The UK Competition Markets Authority (CMA) has given chip maker Broadcom permission to complete its $61bn bid to take over virtualisation company VMware. The decision follows an extensive investigation by the regulator into the potential market impact of the takeover. In its final report, the CMA concluded that the deal ‘would not substantially reduce competition in the supply of server hardware components in the UK.’
Broadcom announced its intention to purchase VMware last May, but has faced investigations from regulators around the world following opposition to the prospective acquisition from other tech companies and VMware customers, some of which have raised concerns they may be forced to purchase Broadcom products if the acquisition is completed.
The CMA gave the deal provisional approval in July after considering whether it could harm innovation. In its investigation, the agency also explored whether Broadcom’s rivals would need to share commercially sensitive information with VMware to ensure their hardware was compatible with the company’s software, thereby potentially giving Broadcom access to this valuable data.

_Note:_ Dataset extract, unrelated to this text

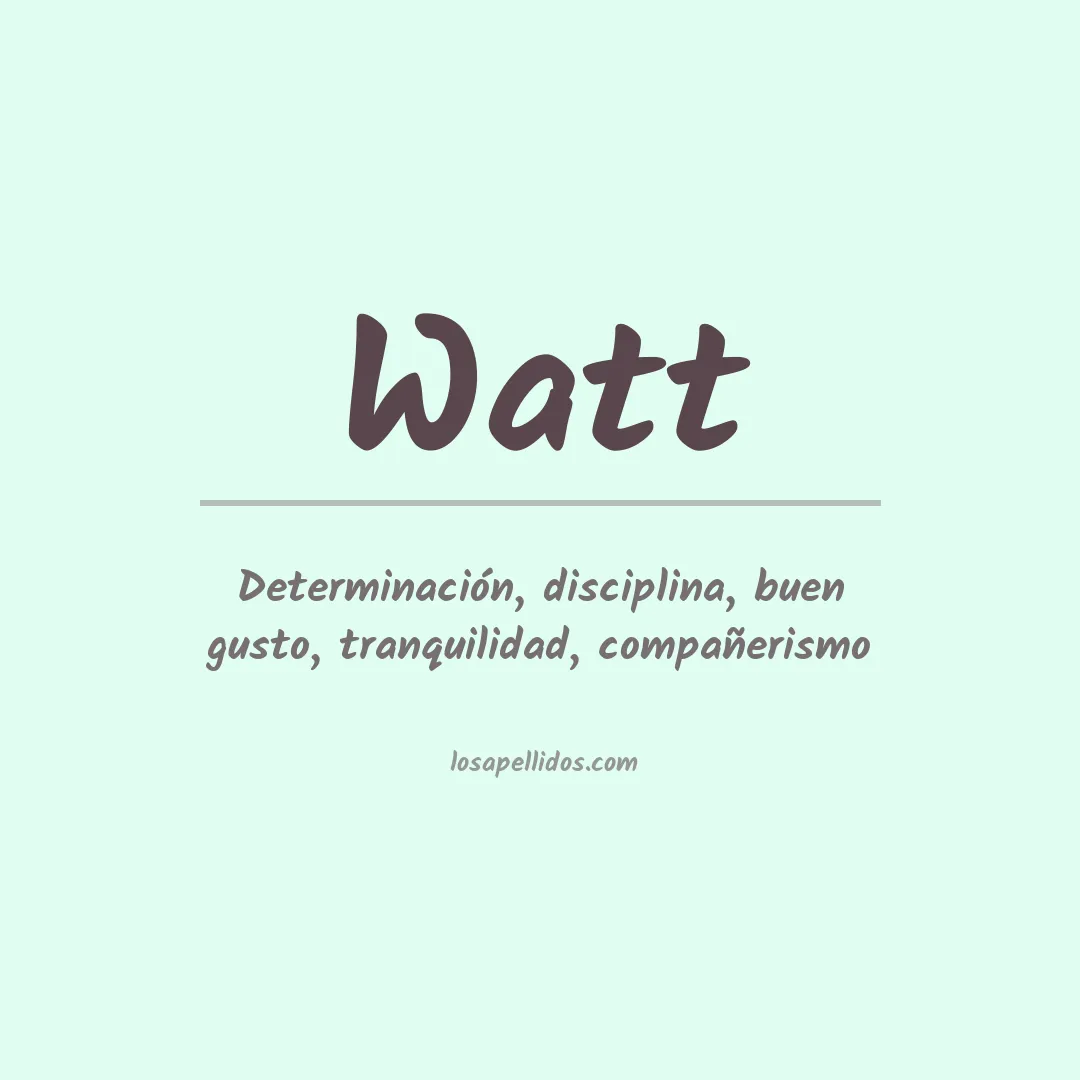 Apellido Watt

Announcing the final approval following a supplementary ‘Phase 2‘ inquiry, the CMA said its latest investigation into the impact of a proposed takeover included new evidence from Broadcom on competition risk, as well as stakeholder feedback. An independent review panel decided the purchase of VMware would not substantially reduce competition.

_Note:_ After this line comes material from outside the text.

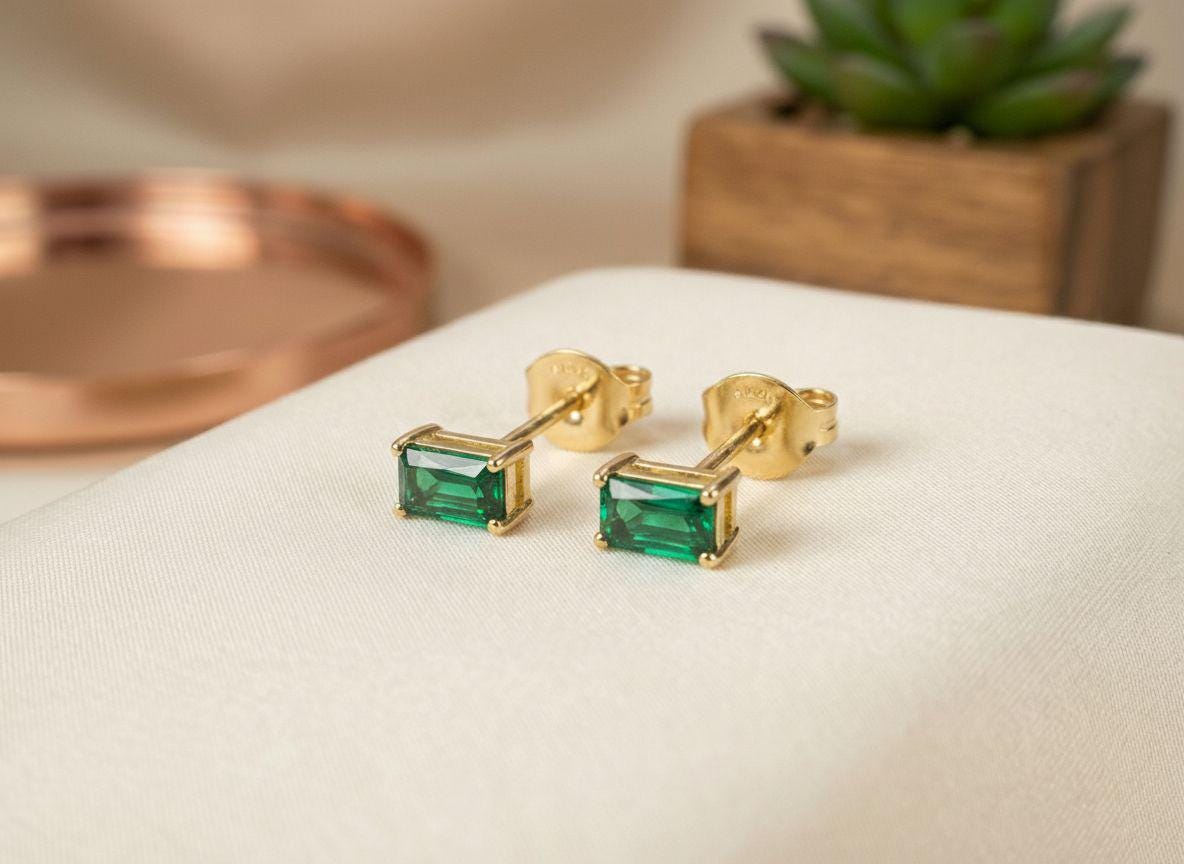 Emerald Pair Of Earrings Birthday Gift For Her Green Gemstone Studs May Birthstone Jewelry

One of the biggest concerns raised by customers was that the deal could harm rivals if Broadcom had VMware prioritise its own products. The independent panel felt that the financial benefit of doing this for Broadcom would not outweigh the financial impact of lost business.
“Broadcom and VMware are US-based companies supplying hardware and software used by thousands of businesses and public bodies in the UK,” said Richard Feasey, chair of the independent panel carrying out the Phase 2 inquiry. “Even if the UK market represents a small proportion of total sales in a merger, the CMA’s job is to scrutinise deals like this thoroughly to ensure they don’t harm competition in the UK. In this case, having carefully considered the evidence and found no competition concerns, we have concluded the deal can go ahead.”
The massive deal is thought to be part of an attempt on the part of Broadcom to diversify its portfolio. With more than 500,000 customers and annual revenue of $13.35bn, it would deliver a considerable boost to the chipmaker’s bottom line. It is expected Broadcom will accelerate VMware’s move to a service model, away from traditional software licensing, should the takeover go through.
Regulators have been queuing up to look at whether the deal would have a negative impact on customers, and last week’s decision by the EU to approve the acquisition was a major step forward. To satisfy the demands of Brussels, Broadcom had to make guarantees of interoperability for VMware software with chips from rival businesses such as Marvell Technology.
After the EU decision was announced last week, a Broadcom spokesperson said the company “looks forward to continuing to work constructively with regulators around the world.”
Alex Haffner, competition partner at legal company Fladgate, told Tech Monitor that the fact the deal was given an “unconditional thumbs up” from the CMA was noteworthy. This, he continued, runs counter to the attitude of the European Commission toward Broadcom’s proposed takeover of VMware, which required the former to make certain interoperability commitments before the deal was approved by the regulator in July. This included allowing rival Marvell access to information needed to ensure its adaptors could operate in conjunction with VMware’s software.
“As such, it is a useful riposte to arguments which have received a very public airing in the context of the CMA’s oversight of the Microsoft/Activision merger that the CMA is not sufficiently flexible to deal with technology-based transactions and their likely impact on competition,” argues Haffner. “Attention now inevitably turns to that case, with the CMA in the process of finalising a consultation on whether it can accept some new form of deal terms allowing it to clear the deal.”